Georges Bernanos | |
---|---|
Born |
Paris, France |
20 February 1888
Died | 5 July 1948 Neuilly-sur-Seine, France |
(aged 60)
Occupation | Writer |
Nationality | French |
Period | 20th century |
Genre | Novel |
Georges Bernanos (French: [ʒɔʁʒ bɛʁnanɔs]; 20 February 1888 – 5 July 1948) was a French author, and a soldier in World War I. Of Roman Catholic and monarchist leanings, he was critical of bourgeois thought and was opposed to what he identified as defeatism. He thought this led to France's eventual occupation by Germany in 1940 during World War II. Most of his novels have been translated into English and frequently published in both Great Britain and the United States.
Bernanos was born in Paris, into a family of craftsmen. He spent much of his childhood in the Pas de Calais region, which became a frequent setting for his novels. He served in the First World War as a soldier, where he fought in the battles of the Somme and Verdun. He was wounded several times.
After the war, he worked in insurance before writing Sous le soleil de Satan (1926, Under the Sun of Satan).

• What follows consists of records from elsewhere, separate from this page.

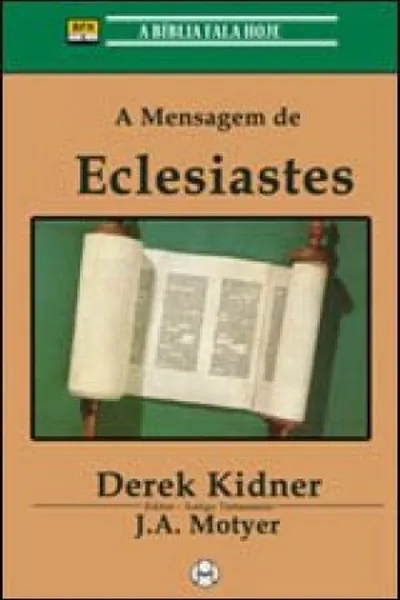 Cover of A Mensagem de Eclesiastes
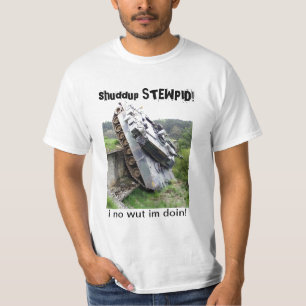 shuddup STEWPID! Army Tank Tee Shirt
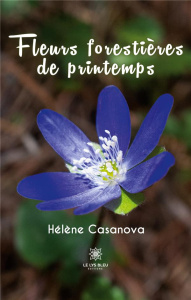 Fleurs forestières de printemps - Casanova Hélène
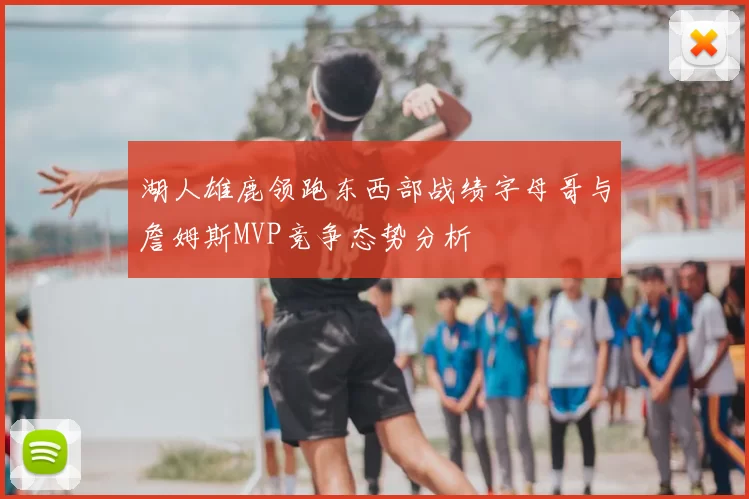 湖人雄鹿领跑东西部战绩字母哥与詹姆斯MVP竞争态势分析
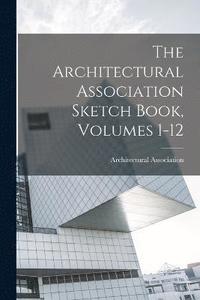 bokomslag The Architectural Association Sketch Book, Volumes 1-12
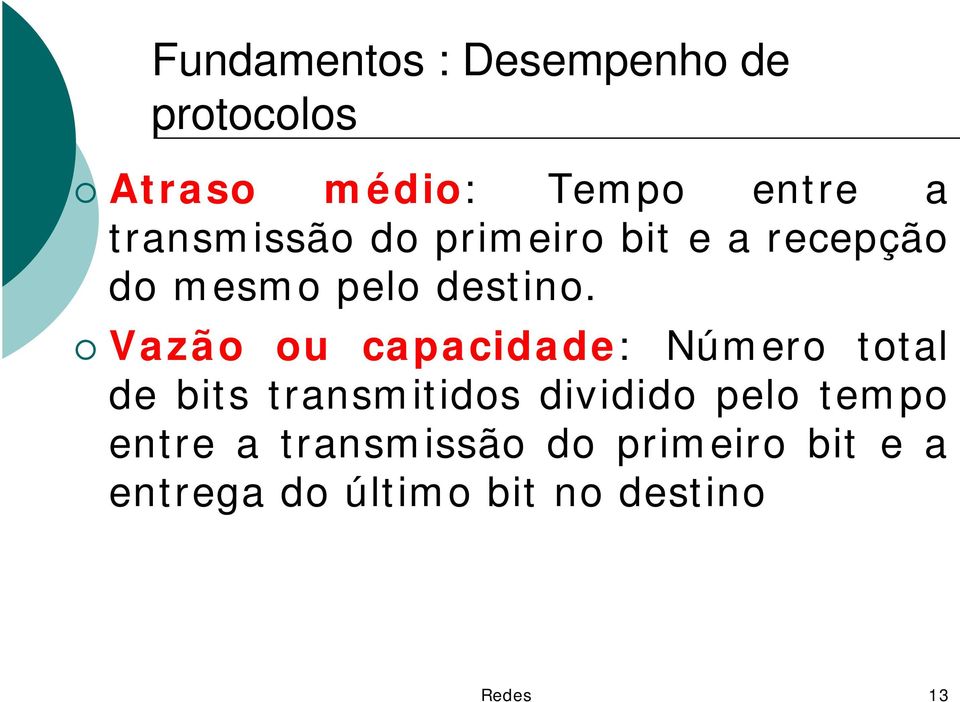 Vazão ou capacidade: Número total de bits transmitidos dividido pelo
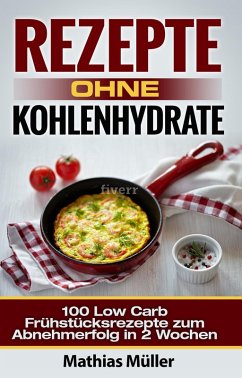 Rezepte ohne Kohlenhydrate - 100 Low Carb Frühstücksrezepte zum Abnehmerfolg in 2 Wochen (eBook, ePUB) - Müller, Mathias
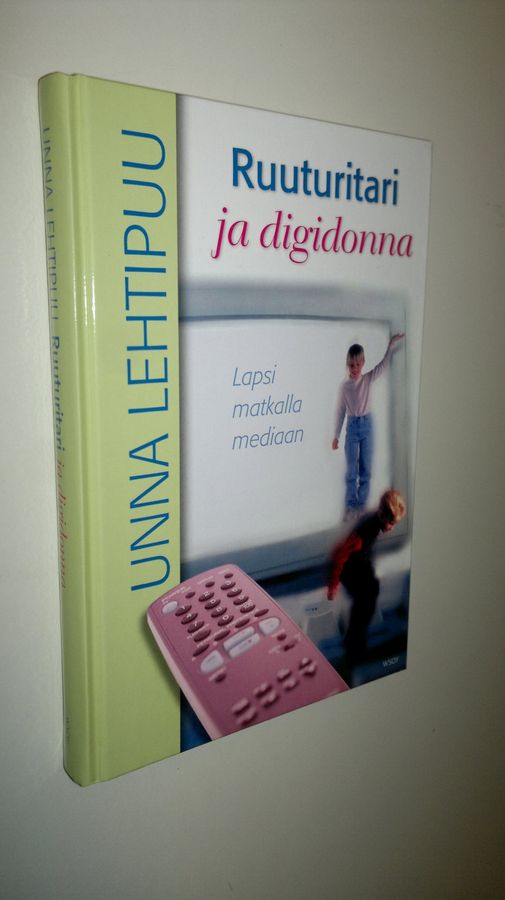 Unna Lehtipuu : Ruuturitari ja digidonna : lapsi matkalla mediaan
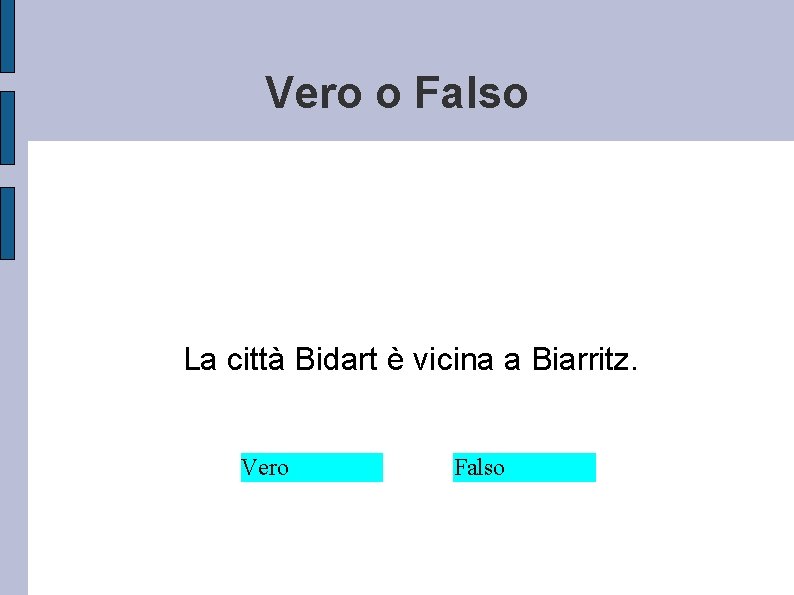 Vero o Falso La città Bidart è vicina a Biarritz. Vero Falso 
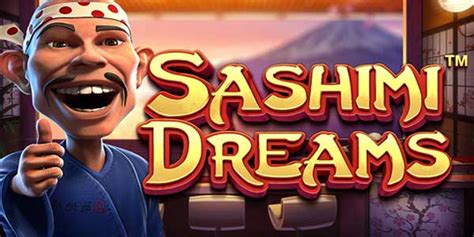 Sashimi Dreams Bet365
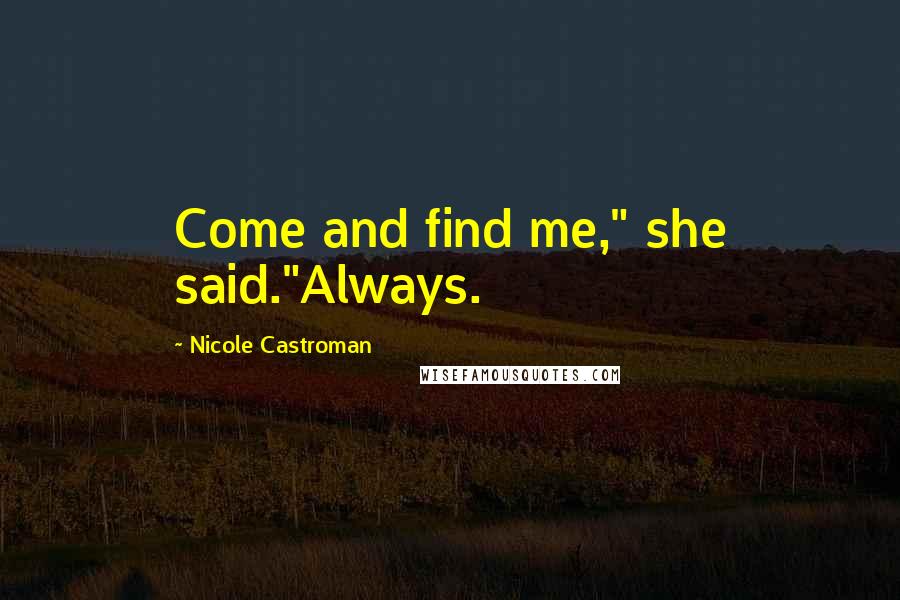 Nicole Castroman Quotes: Come and find me," she said."Always.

Despite his anti-democratic leanings and his allegiance to the Action Française (he was a member of their youth organization, the Camelots du Roi), which he left in 1932, Bernanos saw the danger in Fascism and National Socialism (which he described as "disgustingly monstrous") before World War II broke out in Europe. He won the Grand Prix du roman de l'Académie française for The Diary of a Country Priest (Journal d'un curé de campagne), published in 1936.